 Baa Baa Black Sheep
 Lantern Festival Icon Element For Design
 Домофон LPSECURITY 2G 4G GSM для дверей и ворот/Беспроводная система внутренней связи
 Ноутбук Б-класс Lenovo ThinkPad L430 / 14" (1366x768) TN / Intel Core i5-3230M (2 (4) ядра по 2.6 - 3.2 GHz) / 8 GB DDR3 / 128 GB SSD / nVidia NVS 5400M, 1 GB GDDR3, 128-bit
==
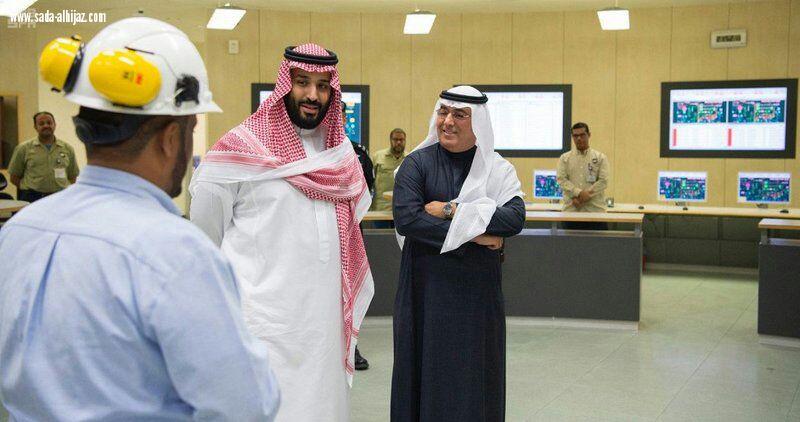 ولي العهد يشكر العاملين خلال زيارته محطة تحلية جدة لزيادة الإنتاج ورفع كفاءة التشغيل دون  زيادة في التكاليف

## Problem to work on
Give back, exactly as written, the stretch from the line with "Baa Baa Black Sheep" through the line with "Ноутбук Б-класс Lenovo", and no other lines from the records above.

## Output for this exercise
 Baa Baa Black Sheep
 Lantern Festival Icon Element For Design
 Домофон LPSECURITY 2G 4G GSM для дверей и ворот/Беспроводная система внутренней связи
 Ноутбук Б-класс Lenovo ThinkPad L430 / 14" (1366x768) TN / Intel Core i5-3230M (2 (4) ядра по 2.6 - 3.2 GHz) / 8 GB DDR3 / 128 GB SSD / nVidia NVS 5400M, 1 GB GDDR3, 128-bit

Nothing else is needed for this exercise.